- What the exercise asks: Word for word, restate the entries below from their first line through the line that contains "Luxury home exterior".

- Available records:
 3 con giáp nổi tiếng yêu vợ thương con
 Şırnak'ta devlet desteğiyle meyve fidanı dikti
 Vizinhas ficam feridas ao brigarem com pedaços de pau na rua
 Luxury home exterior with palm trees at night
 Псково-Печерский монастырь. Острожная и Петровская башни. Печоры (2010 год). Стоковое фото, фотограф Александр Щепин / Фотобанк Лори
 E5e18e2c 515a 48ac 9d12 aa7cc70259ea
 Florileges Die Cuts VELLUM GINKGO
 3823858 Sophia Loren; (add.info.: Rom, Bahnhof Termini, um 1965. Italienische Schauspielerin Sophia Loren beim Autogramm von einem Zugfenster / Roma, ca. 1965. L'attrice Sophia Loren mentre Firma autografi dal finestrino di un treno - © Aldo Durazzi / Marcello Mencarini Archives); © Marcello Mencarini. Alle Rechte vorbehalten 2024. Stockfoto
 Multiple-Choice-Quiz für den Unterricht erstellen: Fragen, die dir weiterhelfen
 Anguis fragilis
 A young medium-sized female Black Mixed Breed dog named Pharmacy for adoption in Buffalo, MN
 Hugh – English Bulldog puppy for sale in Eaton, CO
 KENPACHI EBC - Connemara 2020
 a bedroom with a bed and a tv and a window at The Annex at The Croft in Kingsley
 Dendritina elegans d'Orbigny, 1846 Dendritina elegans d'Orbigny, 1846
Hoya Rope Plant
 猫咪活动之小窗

- Expected answer:
 3 con giáp nổi tiếng yêu vợ thương con
 Şırnak'ta devlet desteğiyle meyve fidanı dikti
 Vizinhas ficam feridas ao brigarem com pedaços de pau na rua
 Luxury home exterior with palm trees at night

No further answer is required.